(Stored items from a collection)
>>>>>

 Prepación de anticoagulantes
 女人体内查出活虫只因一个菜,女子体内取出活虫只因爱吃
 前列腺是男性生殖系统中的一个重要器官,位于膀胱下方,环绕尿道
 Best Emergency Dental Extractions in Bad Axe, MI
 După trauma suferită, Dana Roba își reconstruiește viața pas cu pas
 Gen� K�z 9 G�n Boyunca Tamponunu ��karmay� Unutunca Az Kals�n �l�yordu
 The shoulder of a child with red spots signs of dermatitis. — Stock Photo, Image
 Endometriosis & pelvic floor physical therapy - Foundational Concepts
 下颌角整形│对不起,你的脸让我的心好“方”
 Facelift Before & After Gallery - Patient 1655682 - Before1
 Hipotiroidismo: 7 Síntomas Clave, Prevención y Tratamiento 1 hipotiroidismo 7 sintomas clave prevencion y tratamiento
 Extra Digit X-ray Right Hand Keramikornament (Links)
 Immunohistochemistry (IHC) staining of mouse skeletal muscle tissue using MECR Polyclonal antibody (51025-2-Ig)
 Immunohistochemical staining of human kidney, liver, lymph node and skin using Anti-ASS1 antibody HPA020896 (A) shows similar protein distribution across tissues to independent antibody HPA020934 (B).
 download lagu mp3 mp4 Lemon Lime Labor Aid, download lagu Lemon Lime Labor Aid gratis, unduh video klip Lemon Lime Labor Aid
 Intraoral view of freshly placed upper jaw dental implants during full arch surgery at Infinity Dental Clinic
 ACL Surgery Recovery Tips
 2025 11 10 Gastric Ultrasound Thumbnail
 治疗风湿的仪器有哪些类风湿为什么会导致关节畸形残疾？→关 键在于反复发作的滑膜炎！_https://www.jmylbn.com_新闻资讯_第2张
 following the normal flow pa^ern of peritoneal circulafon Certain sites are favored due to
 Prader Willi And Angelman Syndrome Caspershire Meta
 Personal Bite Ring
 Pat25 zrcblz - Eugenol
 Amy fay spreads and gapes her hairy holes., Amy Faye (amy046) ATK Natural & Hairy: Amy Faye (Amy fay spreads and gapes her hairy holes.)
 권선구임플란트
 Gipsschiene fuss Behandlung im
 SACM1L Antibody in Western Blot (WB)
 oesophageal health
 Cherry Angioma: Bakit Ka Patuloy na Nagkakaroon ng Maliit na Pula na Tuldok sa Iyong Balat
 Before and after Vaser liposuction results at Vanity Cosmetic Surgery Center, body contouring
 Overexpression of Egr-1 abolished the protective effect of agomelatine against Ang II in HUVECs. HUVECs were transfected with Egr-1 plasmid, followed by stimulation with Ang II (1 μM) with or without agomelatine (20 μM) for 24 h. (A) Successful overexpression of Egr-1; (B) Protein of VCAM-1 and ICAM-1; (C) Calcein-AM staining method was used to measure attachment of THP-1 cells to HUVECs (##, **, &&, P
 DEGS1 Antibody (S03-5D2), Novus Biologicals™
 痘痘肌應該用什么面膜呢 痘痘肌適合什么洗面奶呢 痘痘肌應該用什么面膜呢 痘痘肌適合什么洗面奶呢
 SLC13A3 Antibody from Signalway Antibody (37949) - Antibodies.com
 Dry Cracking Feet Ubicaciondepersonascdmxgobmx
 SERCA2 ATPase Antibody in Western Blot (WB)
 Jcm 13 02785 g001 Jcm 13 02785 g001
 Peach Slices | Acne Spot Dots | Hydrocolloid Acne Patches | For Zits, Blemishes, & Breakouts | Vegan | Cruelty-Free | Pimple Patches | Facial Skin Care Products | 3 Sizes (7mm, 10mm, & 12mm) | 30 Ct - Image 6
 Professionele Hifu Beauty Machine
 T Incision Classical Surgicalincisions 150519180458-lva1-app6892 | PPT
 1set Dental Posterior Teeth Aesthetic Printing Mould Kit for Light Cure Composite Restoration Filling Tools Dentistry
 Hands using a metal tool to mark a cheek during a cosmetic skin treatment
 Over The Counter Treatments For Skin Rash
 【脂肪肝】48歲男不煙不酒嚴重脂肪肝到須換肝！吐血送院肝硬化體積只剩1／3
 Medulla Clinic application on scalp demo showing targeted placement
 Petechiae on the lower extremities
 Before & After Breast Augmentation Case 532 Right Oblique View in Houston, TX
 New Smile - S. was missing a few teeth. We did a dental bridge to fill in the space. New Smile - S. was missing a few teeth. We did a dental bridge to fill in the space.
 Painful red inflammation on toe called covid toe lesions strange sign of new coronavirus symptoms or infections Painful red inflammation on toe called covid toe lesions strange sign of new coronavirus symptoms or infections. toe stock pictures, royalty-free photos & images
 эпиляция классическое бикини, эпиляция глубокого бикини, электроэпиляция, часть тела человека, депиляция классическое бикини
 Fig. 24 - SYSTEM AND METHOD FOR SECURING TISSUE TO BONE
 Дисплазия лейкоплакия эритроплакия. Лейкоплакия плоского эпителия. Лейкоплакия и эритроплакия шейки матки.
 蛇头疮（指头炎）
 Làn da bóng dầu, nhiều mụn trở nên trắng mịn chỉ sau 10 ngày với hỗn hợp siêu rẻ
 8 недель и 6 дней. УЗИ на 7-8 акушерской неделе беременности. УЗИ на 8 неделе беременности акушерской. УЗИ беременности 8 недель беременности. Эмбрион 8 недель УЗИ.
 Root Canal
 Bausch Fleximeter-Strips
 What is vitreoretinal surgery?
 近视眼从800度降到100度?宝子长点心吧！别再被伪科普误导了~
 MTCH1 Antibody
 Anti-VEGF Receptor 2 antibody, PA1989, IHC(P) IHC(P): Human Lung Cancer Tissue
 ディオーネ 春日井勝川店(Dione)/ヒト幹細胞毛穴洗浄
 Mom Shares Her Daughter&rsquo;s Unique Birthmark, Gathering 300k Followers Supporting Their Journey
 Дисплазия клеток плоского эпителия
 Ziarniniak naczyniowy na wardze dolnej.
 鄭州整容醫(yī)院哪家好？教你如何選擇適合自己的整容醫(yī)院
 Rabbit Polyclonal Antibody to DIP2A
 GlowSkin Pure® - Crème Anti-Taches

<<<<<

Among the records above, find each line holding "Before" and list it.

 Facelift Before & After Gallery - Patient 1655682 - Before1
 Before and after Vaser liposuction results at Vanity Cosmetic Surgery Center, body contouring
 Before & After Breast Augmentation Case 532 Right Oblique View in Houston, TX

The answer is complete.